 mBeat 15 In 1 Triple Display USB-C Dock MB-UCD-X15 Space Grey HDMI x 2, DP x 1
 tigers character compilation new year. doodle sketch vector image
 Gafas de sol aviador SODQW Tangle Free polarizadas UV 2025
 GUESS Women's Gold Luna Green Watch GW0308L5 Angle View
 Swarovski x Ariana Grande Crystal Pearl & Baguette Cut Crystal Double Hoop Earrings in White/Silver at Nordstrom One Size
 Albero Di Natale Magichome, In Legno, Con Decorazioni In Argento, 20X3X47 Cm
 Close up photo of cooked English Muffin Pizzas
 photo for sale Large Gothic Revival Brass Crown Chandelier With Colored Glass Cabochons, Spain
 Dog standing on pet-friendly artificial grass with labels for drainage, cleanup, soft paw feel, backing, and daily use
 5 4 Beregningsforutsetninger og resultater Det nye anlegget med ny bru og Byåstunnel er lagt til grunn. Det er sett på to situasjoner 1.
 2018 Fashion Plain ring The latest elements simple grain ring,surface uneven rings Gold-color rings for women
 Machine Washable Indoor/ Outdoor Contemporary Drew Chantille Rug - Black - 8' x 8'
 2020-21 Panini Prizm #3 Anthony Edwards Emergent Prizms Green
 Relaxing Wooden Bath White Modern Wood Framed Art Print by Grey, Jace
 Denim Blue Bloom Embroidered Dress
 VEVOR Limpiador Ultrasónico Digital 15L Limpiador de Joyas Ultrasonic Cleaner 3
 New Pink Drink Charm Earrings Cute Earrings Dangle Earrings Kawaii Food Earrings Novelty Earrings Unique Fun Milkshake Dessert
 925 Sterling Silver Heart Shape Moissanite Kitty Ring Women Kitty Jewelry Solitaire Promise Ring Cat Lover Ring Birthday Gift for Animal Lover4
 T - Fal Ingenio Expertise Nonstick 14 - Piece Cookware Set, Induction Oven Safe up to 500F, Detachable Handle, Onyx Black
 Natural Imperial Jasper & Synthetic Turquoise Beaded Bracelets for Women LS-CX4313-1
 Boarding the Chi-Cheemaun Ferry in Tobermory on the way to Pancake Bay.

What you have to do:
Without omission, retype the full listing shown above.

Output:
 mBeat 15 In 1 Triple Display USB-C Dock MB-UCD-X15 Space Grey HDMI x 2, DP x 1
 tigers character compilation new year. doodle sketch vector image
 Gafas de sol aviador SODQW Tangle Free polarizadas UV 2025
 GUESS Women's Gold Luna Green Watch GW0308L5 Angle View
 Swarovski x Ariana Grande Crystal Pearl & Baguette Cut Crystal Double Hoop Earrings in White/Silver at Nordstrom One Size
 Albero Di Natale Magichome, In Legno, Con Decorazioni In Argento, 20X3X47 Cm
 Close up photo of cooked English Muffin Pizzas
 photo for sale Large Gothic Revival Brass Crown Chandelier With Colored Glass Cabochons, Spain
 Dog standing on pet-friendly artificial grass with labels for drainage, cleanup, soft paw feel, backing, and daily use
 5 4 Beregningsforutsetninger og resultater Det nye anlegget med ny bru og Byåstunnel er lagt til grunn. Det er sett på to situasjoner 1.
 2018 Fashion Plain ring The latest elements simple grain ring,surface uneven rings Gold-color rings for women
 Machine Washable Indoor/ Outdoor Contemporary Drew Chantille Rug - Black - 8' x 8'
 2020-21 Panini Prizm #3 Anthony Edwards Emergent Prizms Green
 Relaxing Wooden Bath White Modern Wood Framed Art Print by Grey, Jace
 Denim Blue Bloom Embroidered Dress
 VEVOR Limpiador Ultrasónico Digital 15L Limpiador de Joyas Ultrasonic Cleaner 3
 New Pink Drink Charm Earrings Cute Earrings Dangle Earrings Kawaii Food Earrings Novelty Earrings Unique Fun Milkshake Dessert
 925 Sterling Silver Heart Shape Moissanite Kitty Ring Women Kitty Jewelry Solitaire Promise Ring Cat Lover Ring Birthday Gift for Animal Lover4
 T - Fal Ingenio Expertise Nonstick 14 - Piece Cookware Set, Induction Oven Safe up to 500F, Detachable Handle, Onyx Black
 Natural Imperial Jasper & Synthetic Turquoise Beaded Bracelets for Women LS-CX4313-1
 Boarding the Chi-Cheemaun Ferry in Tobermory on the way to Pancake Bay.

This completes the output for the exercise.